A word will always have only one stress, if we hear two stresses then there are two words. The stress will always be in the vowel, never in a consonant.


A compound word is formed from two simple words in English. To pronounce them correctly is important, otherwise we could give the wrong message or even have a negative result.

*If you want to form and know what other compound words there are go in here

The stress can vary depending on which part of speech the word is:

  • COMPOUND NOUNS: This nouns can be formed by noun+noun or adjective+noun. In nouns the first part of the word gets the stress,for example:
bedroom /ˈbədruːm/
teapot /ˈtiːpɒt/

blackbird /ˈblækbɜːd/

·If it is an adjective+noun word the adjective is the stressed one:
greenhouse /ˈgriːnhɑʊs/
blackboard /ˈblækbɔːd/

·When it is a compound phrase of adjective+noun we will stress the noun:
green house /griːn/ /ˈhɑʊs/
black board /blæk/ /ˈbɔːd/

·If the word has three syllables then the stress will be in the first or second syllable, never in the third:
grandmother /ˈgrændˌmʌðəʳ/
newspaper /ˈnjuːspeɪpəɾ/

  • COMPOUND ADJECTIVES:in the adjectives formed by two words the stress is in the second adjective ,such as: bad-tempered /bæd/ /ˈtempəʳ/
oldfashioned /ˌəʊldˈfæʃ.ənd/

  • COMPOUND VERBS: they are not the same as phrasal verbs. This type of verbs have the stress in the second part of the word, an example of this are verbs:
to understand /ˌʌndəˈstænd/
to overFLOW /ˌəʊvəˈfləʊ/
This kind of verbs are usually formed by a verb and a preposition.
In this case the stress is on the preposition. The correct pronunciation of phrasal verbs is important because sometimes there are compound nouns which are alike them, for example:

-takeover /ˈteɪkˌəʊvəʳ/.-when a company gets control of another company.

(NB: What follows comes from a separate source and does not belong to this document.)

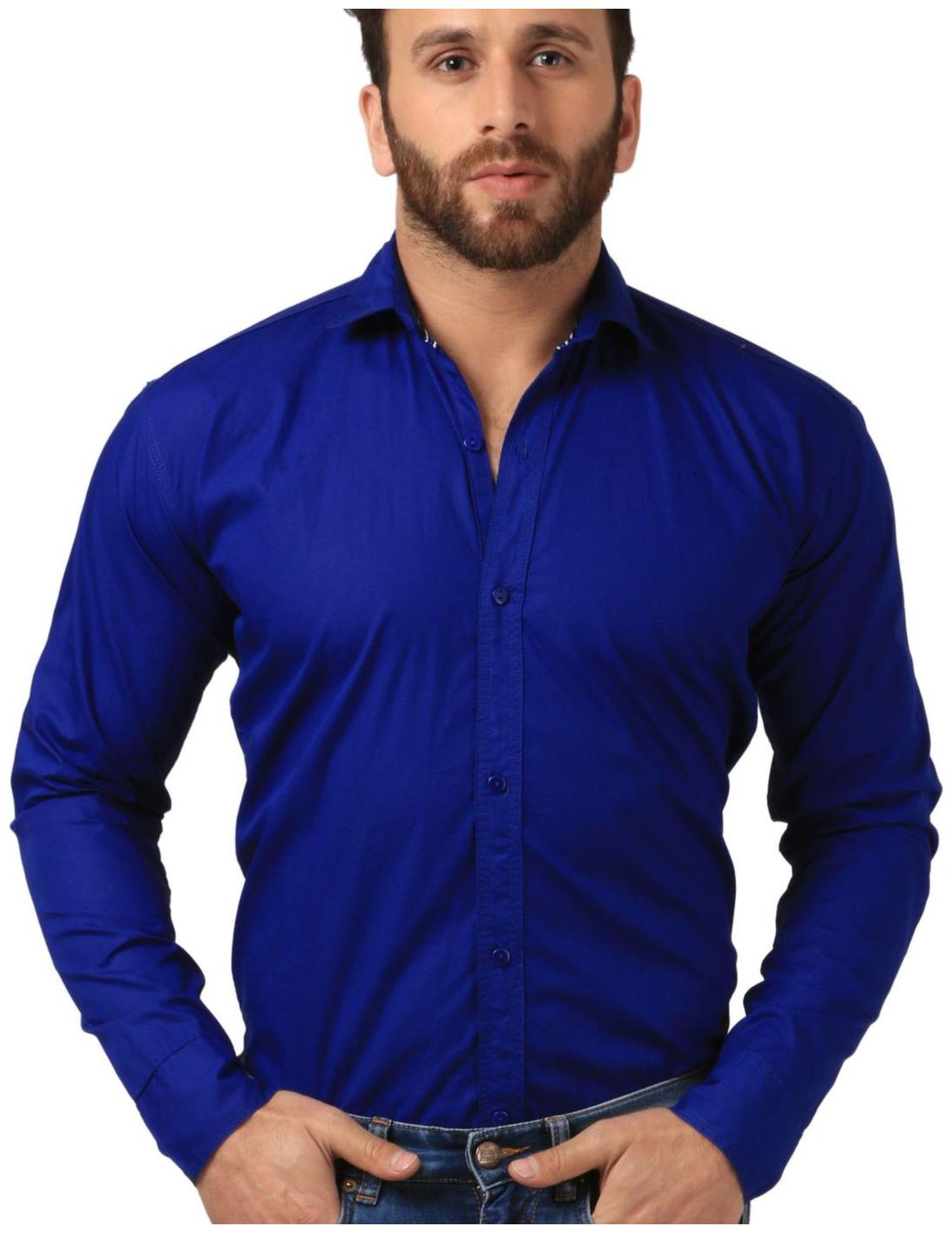

Mesh Men Blue Solid Slim Fit Casual Shirt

-take over /teɪk/ /ˈəʊvəʳ/.- to become more successful or powerful than something or someone else that is involved in the same type of activity

·When the compound verb is with three words, the stress goes in the second word:
get OUT of
keep UP with

As you can see in the transcription the stress is marked according to the rule, if it is a noun, an adjective, a compound verb or a phrasal verb, etc.

*If you want to test your knowledge about where the stress goes in compound words click here

*If you want to practice your listening on compound words and distiguishing them from phrasal verbs,go to this link



  1. "A word will always have only one stress"

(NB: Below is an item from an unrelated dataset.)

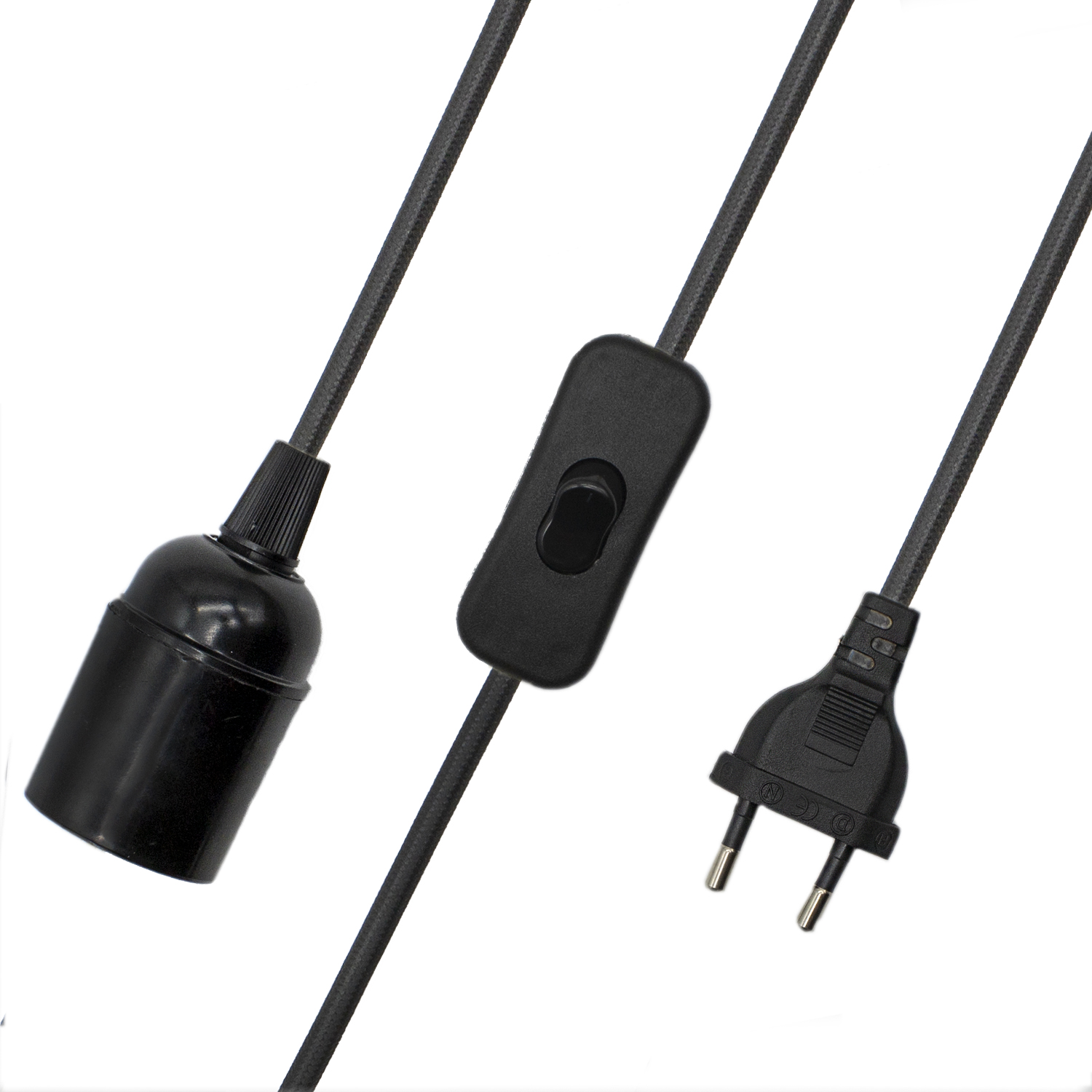 Cable alimentacion trenzado portalampara E27 interruptor 1.5 M Negro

    I think this is not entirely accurate because some words have two stresses: a main stress and a secondary one. You should not omit that piece of information -- even when it only applies to longer words.

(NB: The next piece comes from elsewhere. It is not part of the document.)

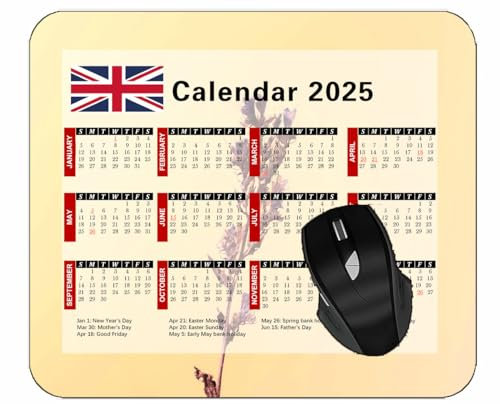 YENDOSTEEN Special Design 2025 Calendar Mouse PadFlower Herbarium Plant Mouse Mat for Office Computers Laptop Men Women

  2. Thanks for your post Nataly - you explain the topic clearly and the links are very useful!

    And thanks, Francisco, for pointing out the difference between primary and secondary stresses. If we look at the word 'grandmother', above, we can see that the secondary stress is marked just before the 'm'.

    One thing to note regarding stress patterns in compound nouns is that the primary stress always falls on the first word, regardless of whether it is adjective+noun or noun+noun.